__TASK ITEM__:
A word-for-word copy of every entry below is required; the images do not belong in it.

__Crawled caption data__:
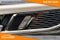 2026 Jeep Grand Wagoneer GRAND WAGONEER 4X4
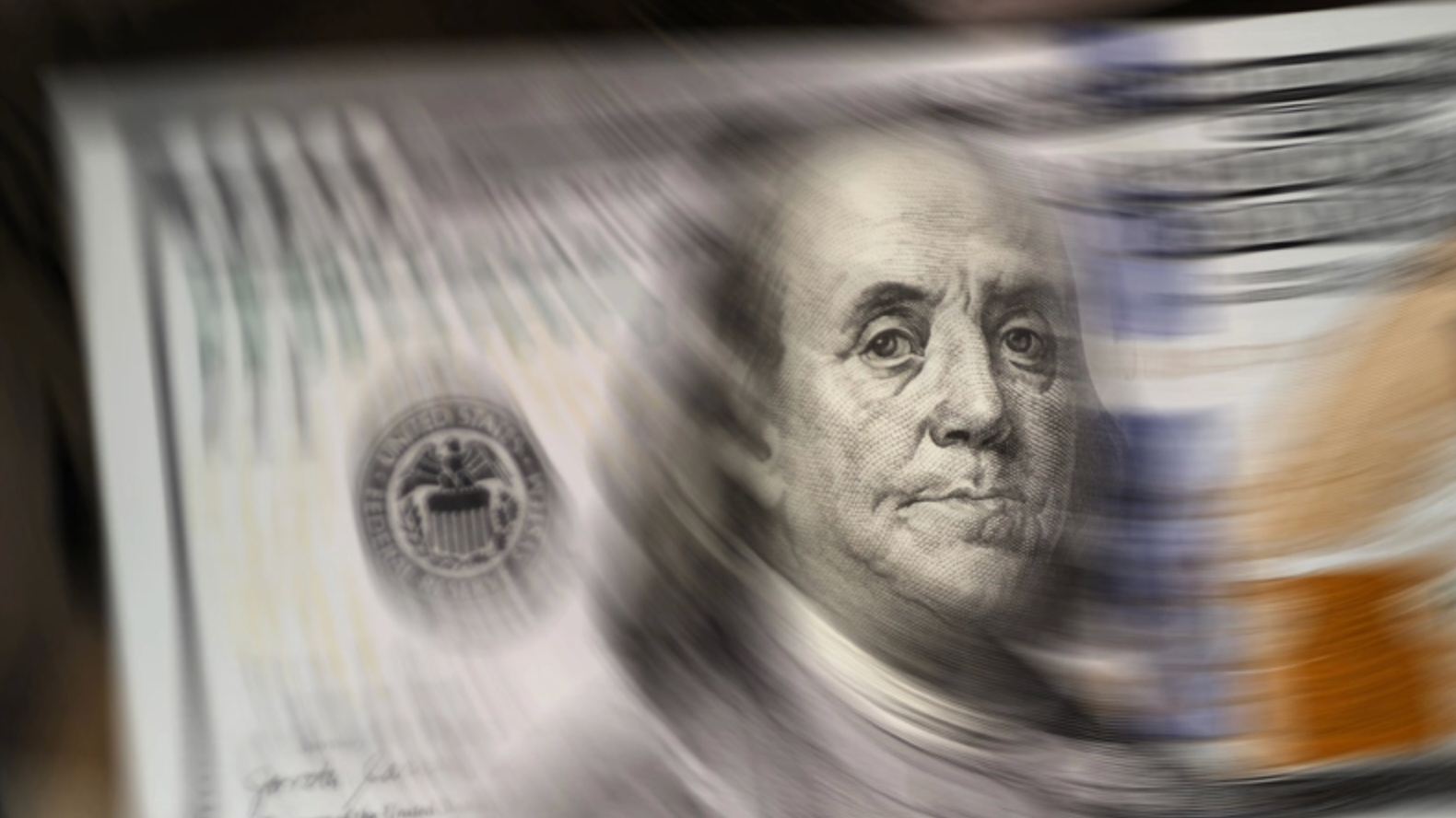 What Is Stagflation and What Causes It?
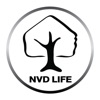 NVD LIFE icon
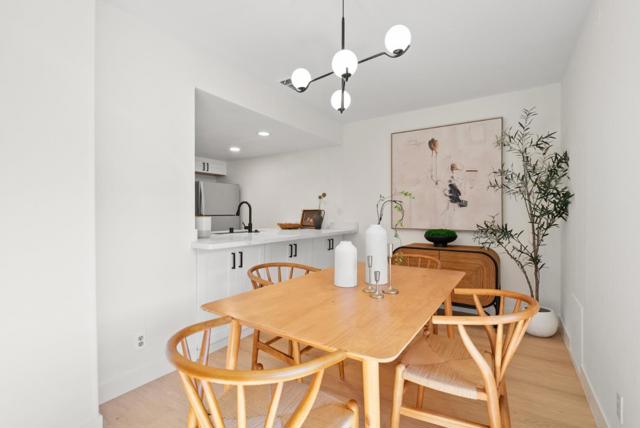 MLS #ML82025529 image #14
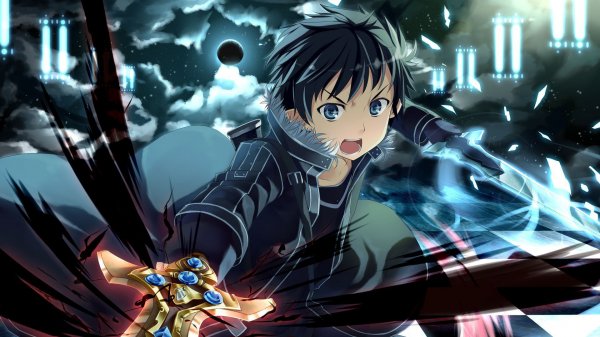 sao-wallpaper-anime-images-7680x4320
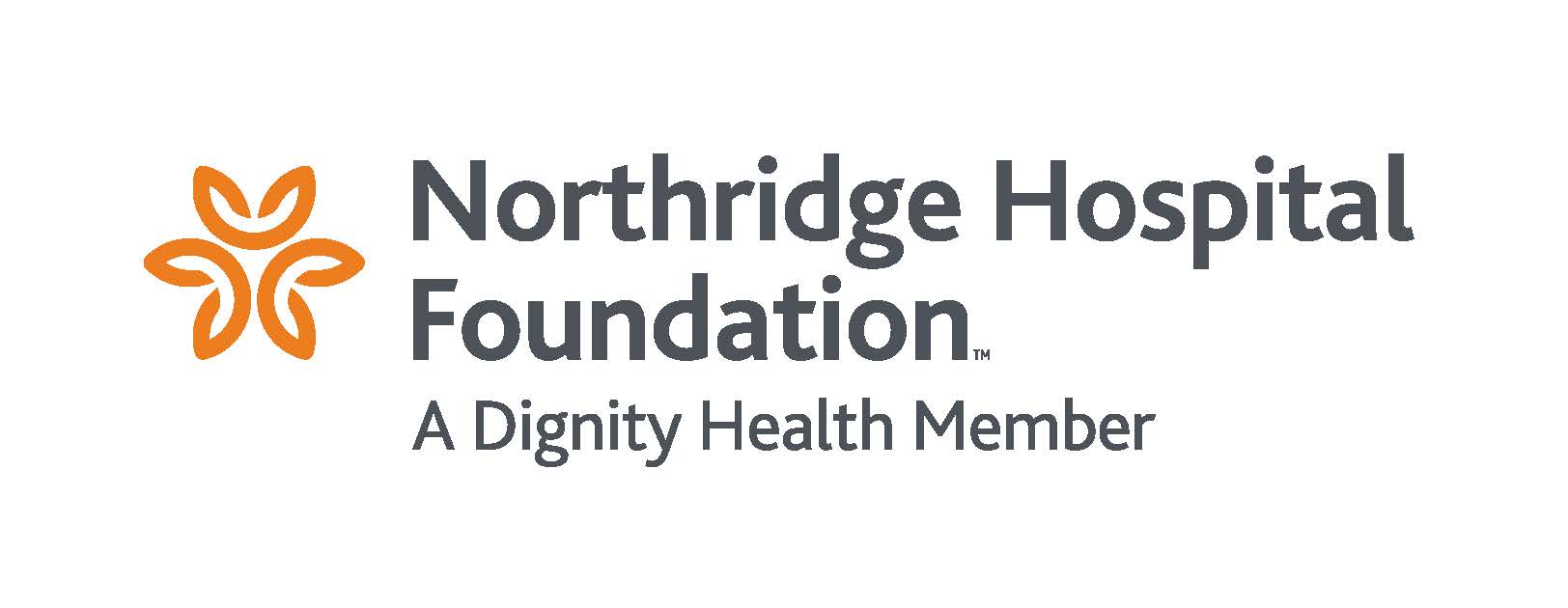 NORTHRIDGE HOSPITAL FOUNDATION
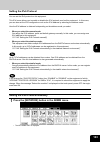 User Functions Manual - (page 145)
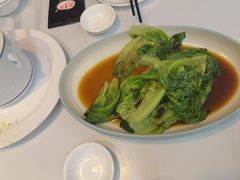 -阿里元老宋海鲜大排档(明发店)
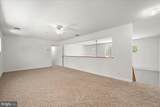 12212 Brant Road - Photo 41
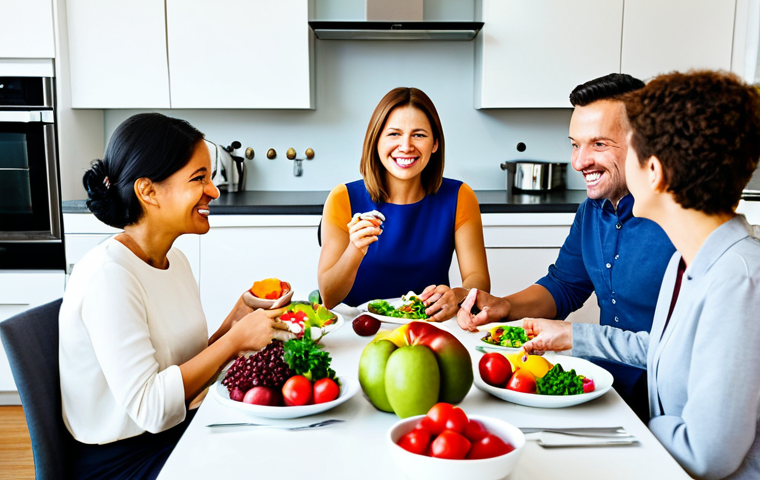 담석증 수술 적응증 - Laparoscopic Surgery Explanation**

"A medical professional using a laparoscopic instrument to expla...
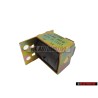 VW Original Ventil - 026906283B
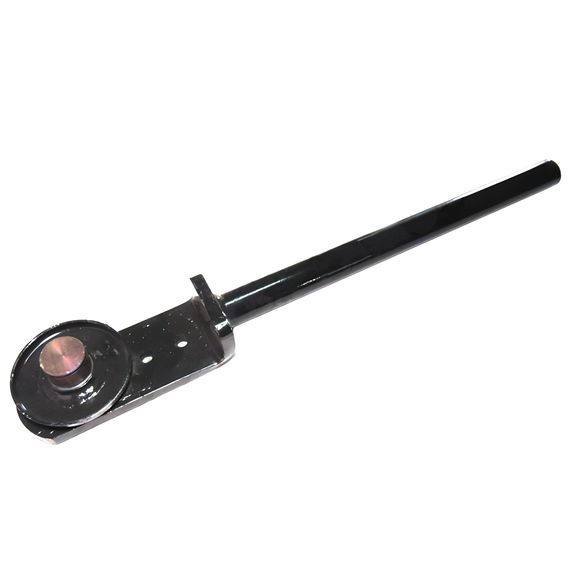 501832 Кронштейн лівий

__FINISHED EXERCISE__:
 2026 Jeep Grand Wagoneer GRAND WAGONEER 4X4
 What Is Stagflation and What Causes It?
 NVD LIFE icon
 MLS #ML82025529 image #14
 sao-wallpaper-anime-images-7680x4320
 NORTHRIDGE HOSPITAL FOUNDATION
 User Functions Manual - (page 145)
 -阿里元老宋海鲜大排档(明发店)
 12212 Brant Road - Photo 41
 담석증 수술 적응증 - Laparoscopic Surgery Explanation**

"A medical professional using a laparoscopic instrument to expla...
 VW Original Ventil - 026906283B
 501832 Кронштейн лівий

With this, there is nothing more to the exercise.